▽
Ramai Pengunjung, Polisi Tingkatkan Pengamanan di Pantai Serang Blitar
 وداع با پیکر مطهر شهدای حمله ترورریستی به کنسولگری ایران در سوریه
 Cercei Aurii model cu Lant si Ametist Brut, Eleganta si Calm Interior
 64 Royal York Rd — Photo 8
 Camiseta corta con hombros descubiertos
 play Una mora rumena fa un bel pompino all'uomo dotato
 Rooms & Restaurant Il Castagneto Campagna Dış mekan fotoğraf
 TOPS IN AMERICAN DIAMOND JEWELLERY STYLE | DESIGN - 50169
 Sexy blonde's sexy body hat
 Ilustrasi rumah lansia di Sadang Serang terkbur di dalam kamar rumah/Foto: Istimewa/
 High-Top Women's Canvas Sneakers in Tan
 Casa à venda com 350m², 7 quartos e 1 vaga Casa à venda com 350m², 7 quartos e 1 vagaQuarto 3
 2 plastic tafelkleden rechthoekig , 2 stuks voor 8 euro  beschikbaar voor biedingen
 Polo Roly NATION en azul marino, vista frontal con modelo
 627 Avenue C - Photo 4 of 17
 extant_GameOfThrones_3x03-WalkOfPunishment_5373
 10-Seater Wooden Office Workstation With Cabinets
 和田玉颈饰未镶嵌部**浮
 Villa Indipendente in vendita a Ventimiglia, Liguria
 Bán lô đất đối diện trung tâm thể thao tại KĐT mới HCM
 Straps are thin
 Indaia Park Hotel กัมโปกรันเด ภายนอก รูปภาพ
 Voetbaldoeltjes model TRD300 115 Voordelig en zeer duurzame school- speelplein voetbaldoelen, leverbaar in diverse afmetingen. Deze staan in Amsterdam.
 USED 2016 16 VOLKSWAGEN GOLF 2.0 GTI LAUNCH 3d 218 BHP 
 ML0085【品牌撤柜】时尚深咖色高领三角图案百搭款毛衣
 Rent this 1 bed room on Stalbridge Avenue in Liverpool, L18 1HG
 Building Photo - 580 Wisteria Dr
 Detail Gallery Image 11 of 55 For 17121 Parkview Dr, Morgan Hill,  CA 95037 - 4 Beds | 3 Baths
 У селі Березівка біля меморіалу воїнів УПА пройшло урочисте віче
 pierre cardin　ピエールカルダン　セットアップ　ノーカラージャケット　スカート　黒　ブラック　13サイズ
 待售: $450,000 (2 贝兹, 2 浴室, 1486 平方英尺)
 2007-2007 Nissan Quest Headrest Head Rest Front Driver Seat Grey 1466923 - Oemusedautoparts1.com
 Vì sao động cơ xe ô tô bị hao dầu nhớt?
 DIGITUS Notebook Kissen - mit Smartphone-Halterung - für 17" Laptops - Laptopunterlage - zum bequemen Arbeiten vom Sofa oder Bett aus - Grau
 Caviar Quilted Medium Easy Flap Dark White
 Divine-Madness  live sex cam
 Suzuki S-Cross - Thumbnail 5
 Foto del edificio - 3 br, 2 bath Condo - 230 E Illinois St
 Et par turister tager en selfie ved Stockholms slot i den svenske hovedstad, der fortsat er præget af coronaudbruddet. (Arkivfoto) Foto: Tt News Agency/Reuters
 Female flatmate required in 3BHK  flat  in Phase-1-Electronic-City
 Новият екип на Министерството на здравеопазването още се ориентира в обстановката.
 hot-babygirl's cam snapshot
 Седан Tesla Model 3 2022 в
△
YOUR ASSIGNMENT: Look for the line with "live sex cam" in the listing above. Print it and each later line exactly, ending with the last line.

ANSWER FOR THIS EXERCISE:
 Divine-Madness  live sex cam
 Suzuki S-Cross - Thumbnail 5
 Foto del edificio - 3 br, 2 bath Condo - 230 E Illinois St
 Et par turister tager en selfie ved Stockholms slot i den svenske hovedstad, der fortsat er præget af coronaudbruddet. (Arkivfoto) Foto: Tt News Agency/Reuters
 Female flatmate required in 3BHK  flat  in Phase-1-Electronic-City
 Новият екип на Министерството на здравеопазването още се ориентира в обстановката.
 hot-babygirl's cam snapshot
 Седан Tesla Model 3 2022 в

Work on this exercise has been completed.